There seems to be some desire to not have the only decent class to be Mistborn. Fair enough, I wholeheartedly agree having one class that can do everything WILL break a game.

Before I heard there was a game being worked on for Mistborn, I was nutting out my own system (lots of free time). Sort of classless, what you did/were good at was determined by the allocation of skill "points". So if you wanted to play a more diplomatic, court-oriented character, you would allocate them appropriately. The Allomancy abilities worked much the same, with abilities dependent on how many points you had in it, to represent time training.

That seems to be a good idea, keeps everyone sort of balanced, at least as far as I have thought it through.

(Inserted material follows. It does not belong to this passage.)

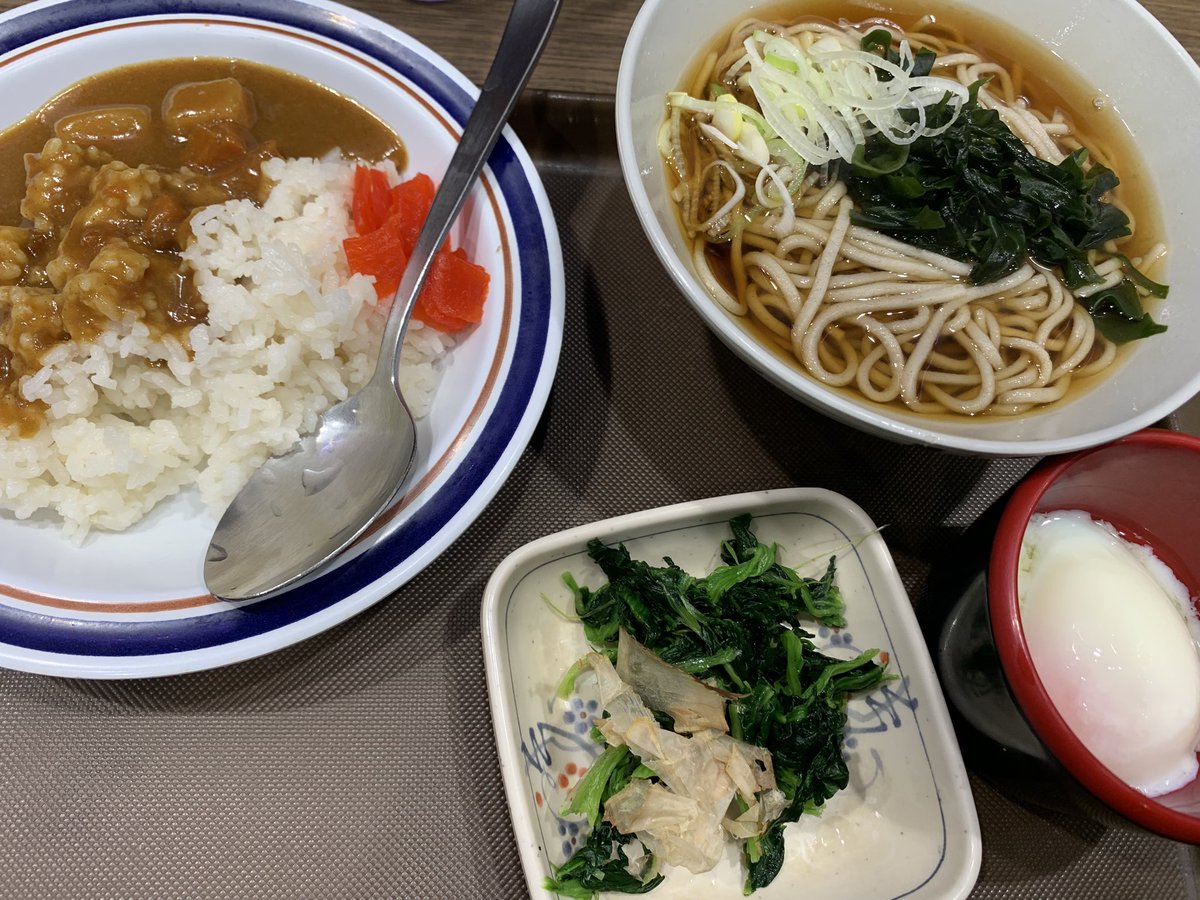 boba_fett2019's tweet photo. 富士そば　朝セット☀️
めっちゃ久しぶりに富士そば入ったけど、
ミニ蕎麦、ミニカレー、おひたし、温泉卵でこのご時世に500円って安っ😳多すぎず少なくもなく朝にちょうど良い量！！
ありがたや🙏
ごちそうさまでした😋 https://t.co/FhvRd37eOX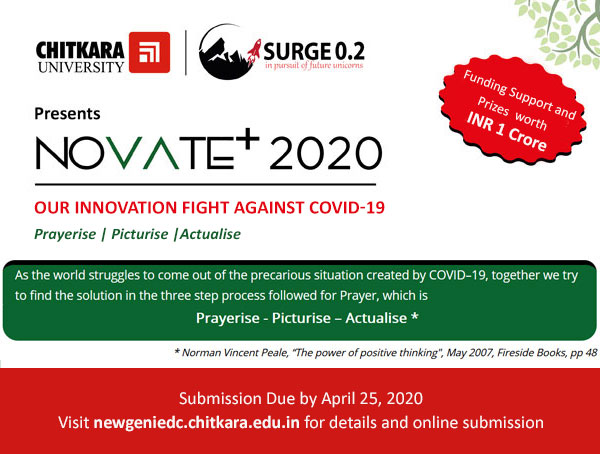 NOVATE+ logo and event details at Chitkara University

Inquisitors as playable characters would be interesting, although I'm not sure how you could manage that. If the game is set during the Lord Ruler, then they are fanatically devoted to him (mostly, anyway). If after the Collapse, then they, well, they're not playable for other reasons. (still trying to work out the Spoiler bit, sorry).

Primarily I'd like to see playing non-Allomancers/Feruchemists/(Hemalrgist?) be workable. I think there is a kind of nobility in doing what you can, even if you don't have special, funky powers. Also, I'd like the idea of gaining Allomantic metals explored more fully, it never really goes into that in the books, the vials are always sort of just on hand. That's more of a story thing, though.